Religion and Development: Building Partnerships to Fight Poverty

The earth’s climate has undergone major changes, but the current situation of global warming is quite different from that of the past, in that human activity is causing it. Technological advances offer solutions to this problem. For example, the technology exists to control environmental conditions.

We religious leaders, however, must make an appeal to society about environmental ethics that involve such things as the attitude and lifestyle of each person. All of us, whose lives are supported by this miraculous planet earth, need to think about what we can and should do to protect the earth’s environment, so that all of us can continue to live here.

“Thou shalt not kill” is one of the Ten Commandments on the tablets given to Moses, and freeing oneself from desire is a core teaching of Shakyamuni Buddha. Religious leaders continue to teach these values today, from which we should know that human beings are a weak form of existence that, if left to our own devices, will increase violence and greed. Therefore, in every generation, tempering human desire has been one of the key issues addressed by religious leaders. In other words, the question before us is, “how can we control the flames of human desire?”  

Ryoanji is a Zen temple located in Kyoto, Japan. This Rinzai sect temple is famous for its stone garden. In one corner of the garden sits a hand-washing basin that was donated by the influential Edo-era feudal lord Mitsukuni Tokugawa (1628-1701). Carved around the rim of the basin is the phrase, “I only know satisfaction.”

This phrase tells us that the source of human happiness is a mind that knows what it means to be satisfied. Nothing can make us happy if our minds cannot grasp the deeper meaning of satisfaction. In that case, no amount of financial, material, or social reward can ever make us truly happy. 

According to Shakyamuni Buddha, a person who truly knows satisfaction is calm in heart and mind, and a person who does not know satisfaction is confused in heart and mind. To wit, a “poor person” is not someone lacking in possessions, but someone who cannot find satisfaction in any number of possessions. 

“I only know satisfaction” does not merely mean that we should be satisfied with what we now have. It means that we should know that God and the Buddha have already given us everything we need. This phrase expresses the sense of riches and plenty that come from knowing the satisfaction that everything we might ever require has already been given to us. 

All of our lives, we have been sustained by the natural resources of the earth—gifts received from God and the Buddha, gifts that come from the universe. And now, we are faced with the problem of global warming due to greenhouse gasses. However, we religious leaders should not think about this problem in simple terms and suppose that we should change what is unsuitable to human life to what is suitable. Instead, we should think about it from the perspective of “I only know satisfaction.” 

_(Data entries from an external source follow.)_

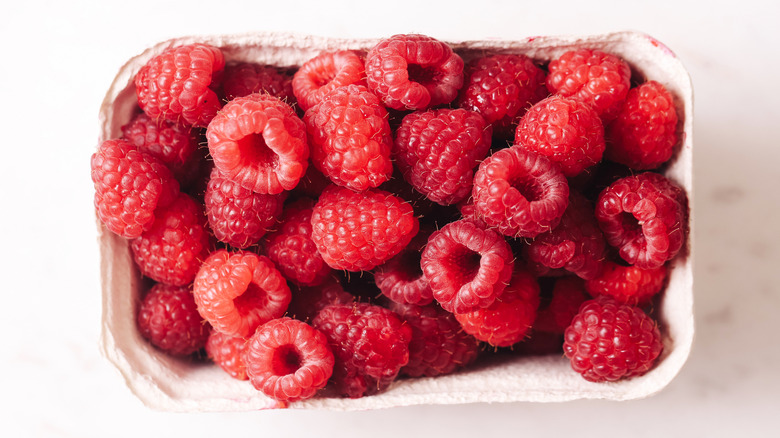 Raspberries in cardboard carton on countertop.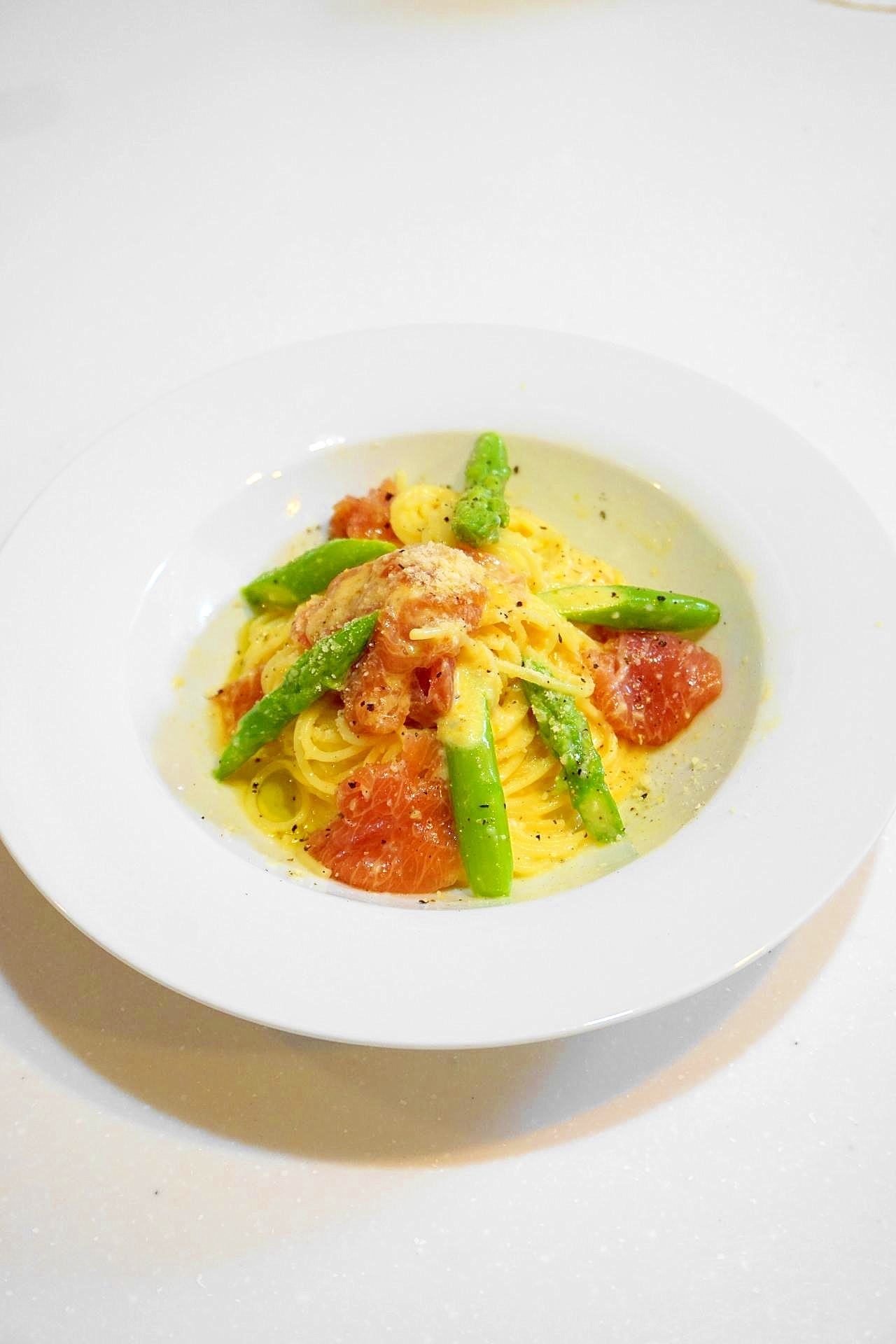 白い丸皿に盛り付けたアスパラと生ハムのフェデリーニ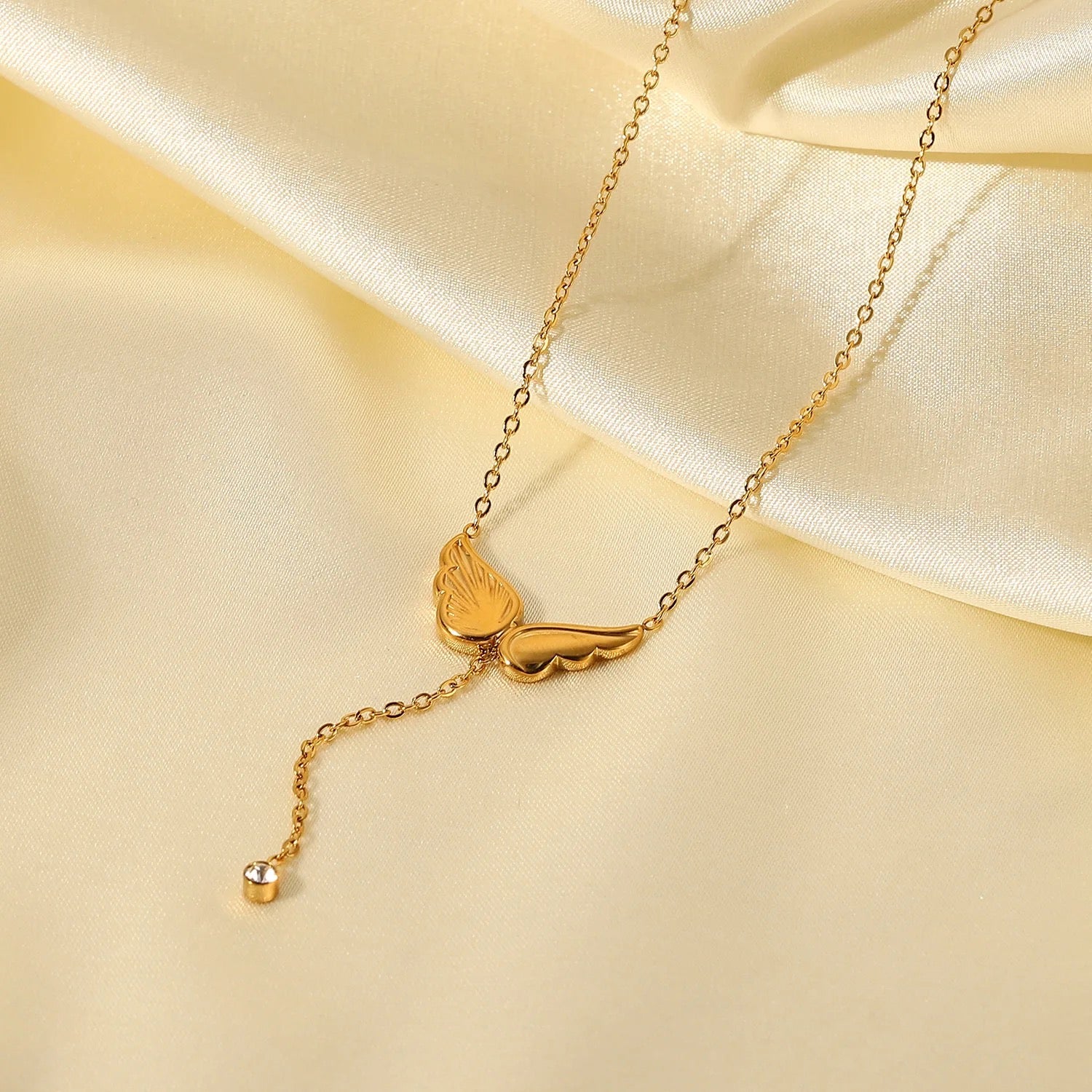 ASYMMETRIC WING NECKLACE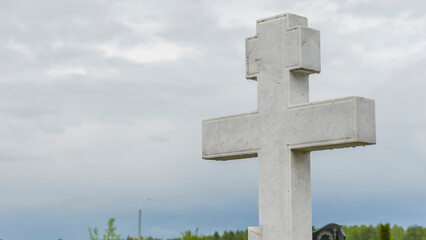 White tombstone stone cross in the city cemetery. City geaveyard.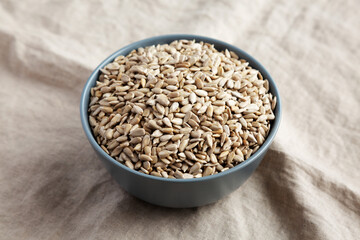 Raw Organic Sunflower Seed Kernels in a Bowl, side view.
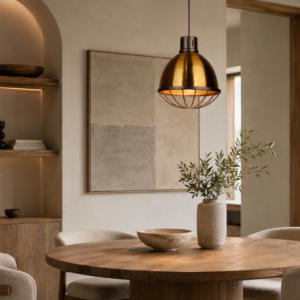LLP Nakia Antique Brass Pendant Light styled over dining table in modern industrial interior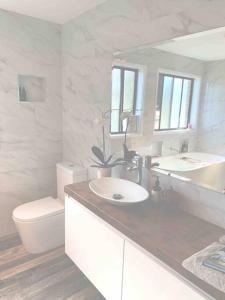 ein weißes Bad mit einem Waschbecken und einem WC in der Unterkunft Kangarloo Retreat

The problem of climate change is extremely inconvenient for we human beings. However, is this not also a message from the earth giving human beings the chance to return to an authentic way of life that accords with the wish of God and the Buddha? We should accept climate change as something that has given us the chance to reclaim this way of life intrinsic to human beings, as a chance to rethink all of our human endeavors, and to understand the importance of living each day with humility. 

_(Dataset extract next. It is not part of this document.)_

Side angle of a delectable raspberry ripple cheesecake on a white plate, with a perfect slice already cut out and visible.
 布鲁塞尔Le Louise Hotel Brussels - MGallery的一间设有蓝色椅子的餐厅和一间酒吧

Some are of the extreme opinion that “were it not for humanity, there would be no damage to the environment,” and in one sense, this is true. Human economic activity, in and of itself, continues to impact the earth’s environment. And in looking back at my own lifestyle, I cannot say that I have done nothing to adversely effect the environment. On the one hand, there are my brothers and sisters who have been left behind by development, or who suffer in poverty because of the effects of development. Now more than ever, we should be truly, humbly grateful and revere all life forms, and we absolutely must think about how to bring our lifestyles into harmony with the wishes of God and the Buddha, and make such lifestyles our daily practice. 

Moving forward, we will be confronted with numerous environmental issues, and we must address them. Instead of thinking about how to produce short-term solutions to them, we must have action programs with results measured in decades or even centuries. I believe that religious networks will hereafter play increasingly important roles in implementing, in every corner of the world, ongoing, global-scale environmental programs.

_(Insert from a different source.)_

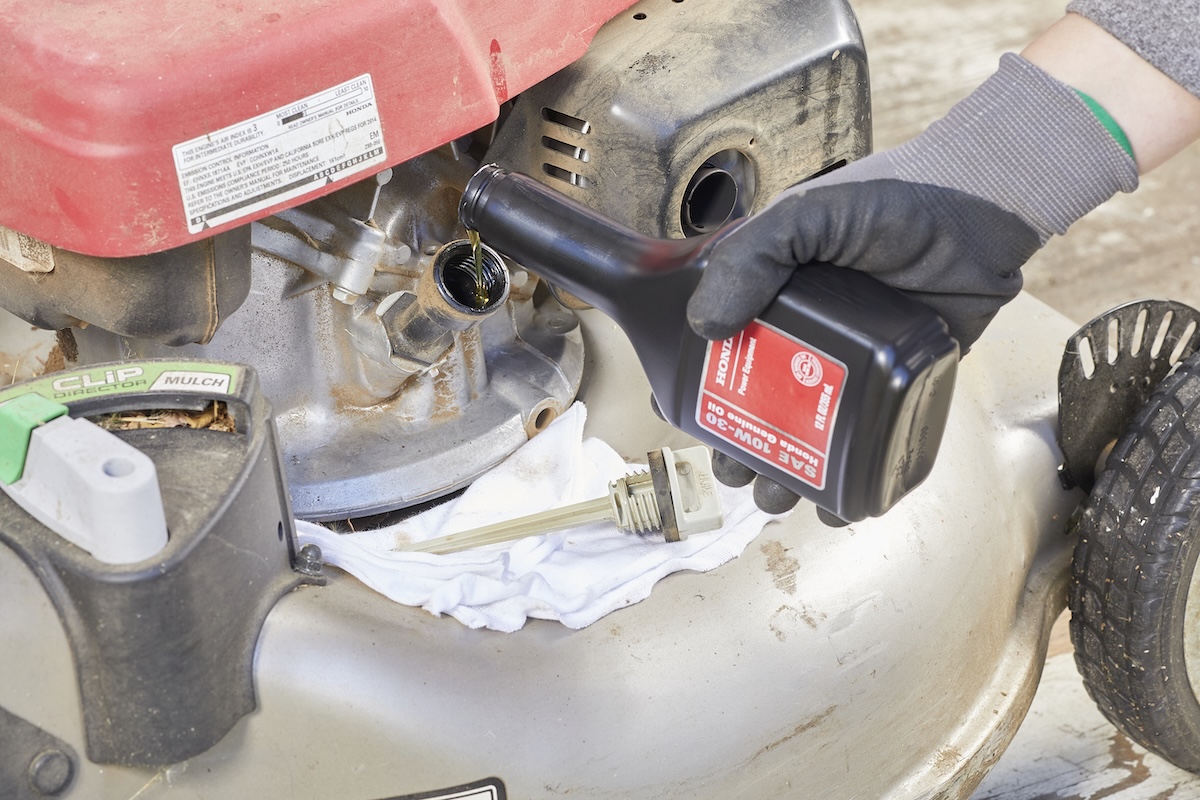 Person pours oil from a bottle into a lawn mower.
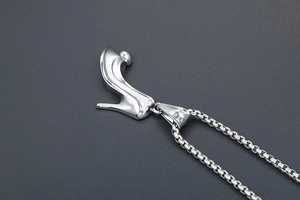 Detailed macro view of a polished silver high heel stiletto pendant necklace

One of the basic teachings of Buddhism is that “all things are impermanent.” Through this teaching, we can understand how much our lives are sustained by a great many things and can experience our own selves being made up of everything outside of ourselves. It means that we are all mutually interdependent, that we are coexisting. If we continue to let our desire and greed grow larger, however, we will no longer have the choice of being either victimizers or victims. As long as we are living here on this earth, everyone is a victimizer and everyone is a victim. Therefore, it is important that everyone personally feels that climate change and environmental issues are his or her own problem.

My grandfather, Nikkyo Niwano, the founder of Rissho Kosei-kai, said that, “Everything we receive is a gift from nature. We can never give rise to right faith without asking ourselves, ‘What is the purpose of our lives being supported by a great many things?’” 

I will continue to make every effort, while continuing to ask myself the question posed by Founder Niwano, to lead a lifestyle that acknowledges that I am one living being whose life is sustained by planet earth.